What to Look For In a Text Analytics Platform?

What to Look For In a Text Analytics Platform?

What to Look For In a Text Analytics Platform?

Data analysis is a godsend miracle in the world of technology that delivers rich insights into the perceptions and experiences of the customers. It also showcases the root causes of the issues that encounter in their interactions with an organization. But it totally relies on using the right kind of tools to harness the power of text in the right ways. Nowadays, the landscape of tools and platforms are quickly changing. This article discusses some of the most useful criteria for ascertaining commercial text analytics platforms on the basis of recent experiences.

  1. Look for the analytics methods that deliver accurate topic identification and sentiment analysis.

The most top-notch platforms like Provalis Research implement a combination of ways to analyze text, which includes machine learning techniques—supervised or unsupervised methods, semantic or natural language processing (NLP), topic identification and business rules.

Platforms equipped with machine learning methods use advanced algorithms. However, they deliver limited customization and tend to be black-box models that do not display the combination of algorithms of the vendors, so sometimes you won’t be able to explain results. These platforms can output results quickly, but lack in small data sets, short phrases and comments with technical terms or sarcasm.

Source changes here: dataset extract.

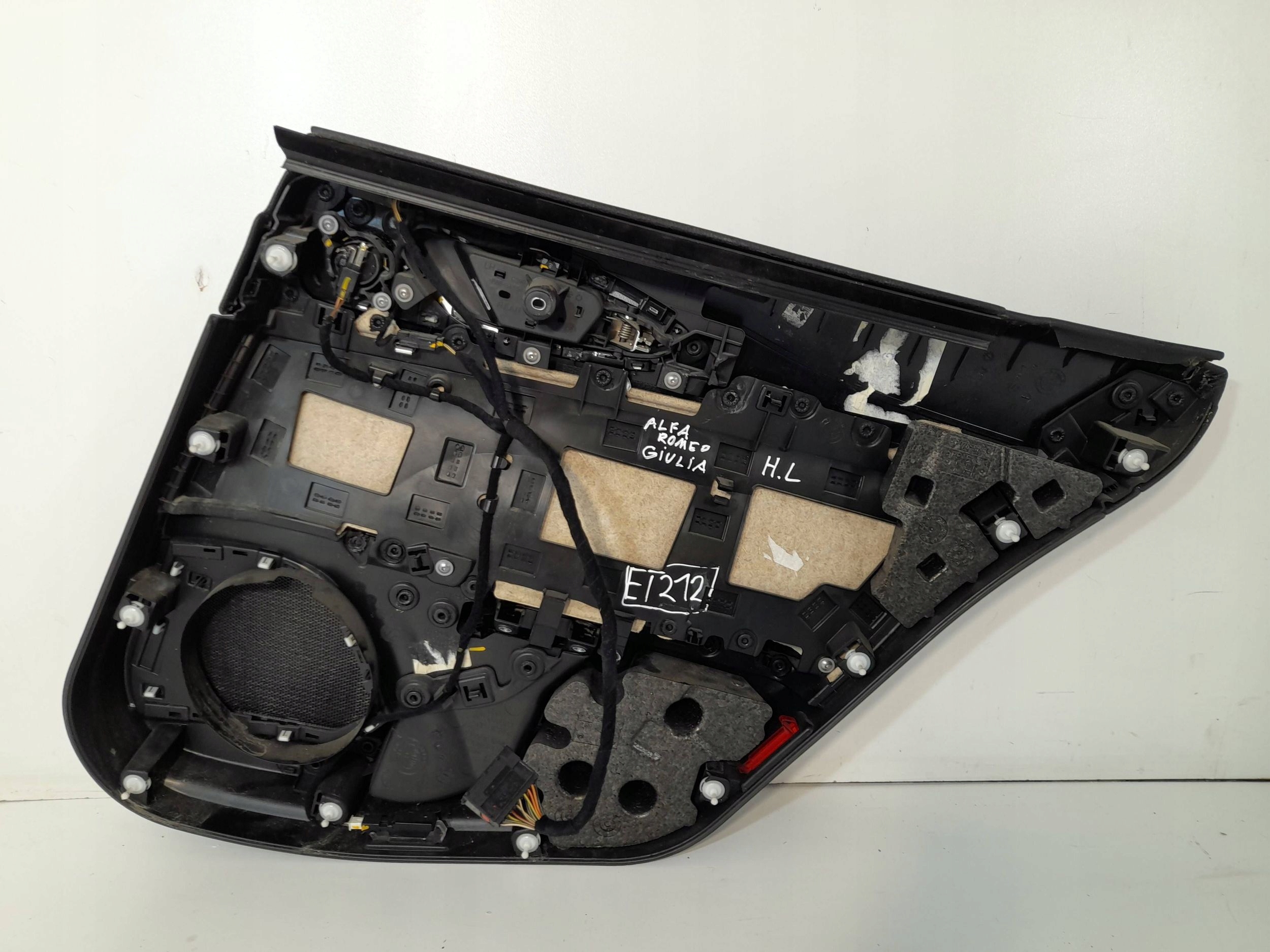 Alfa Romeo Giulia side rear left IC3078507 (ET212)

  1. Look for the analytics methods that have the ability to use metadata to complement text data.

Although being easy to implement, many platforms and models do not have this capability. Structured data can complement text results and often act as a tie breaker for statements with ambiguous sentiment.

  1. Look for the analytics methods flexible in reporting dashboards that help visualize text insights.

Almost every platform deliver reporting on results with basic charts. Some deliver customizable reports to better learn the results and improvise analytics models, or have an enhanced dashboard. And some improvise the visual aspects of insights through integration with tools. Another aspect, frequency charts, lets data sorting on the basis of sentiment, topics and subtopics, in order to get a high-level overview of results. Also, look for the ability to export results in flexible formats and to add or remove variables.

  1. The data analytics method should have a fast and easy-to-use interface.

A data analysis with a simple interface makes it simple to learn and use the platform, navigate through the various functions and deliver outputs. Users desire a fast upload and download of data, and the ability to handle multiple file formats.

  1. The data analytics method should support multiple languages

Almost every platform works well only with English. Some do not support other languages at all. Good platforms support multiple languages, with the help of algorithms that take into consideration every aspect of the language’s grammar, rather than having to translate into English, which gets rid of the valuable nuances embedded in a language. Platforms built by regional vendors handle their main local language (mostly Spanish, French, German, Dutch and Chinese), but nonetheless, most are restricted when it comes to sentiment identification.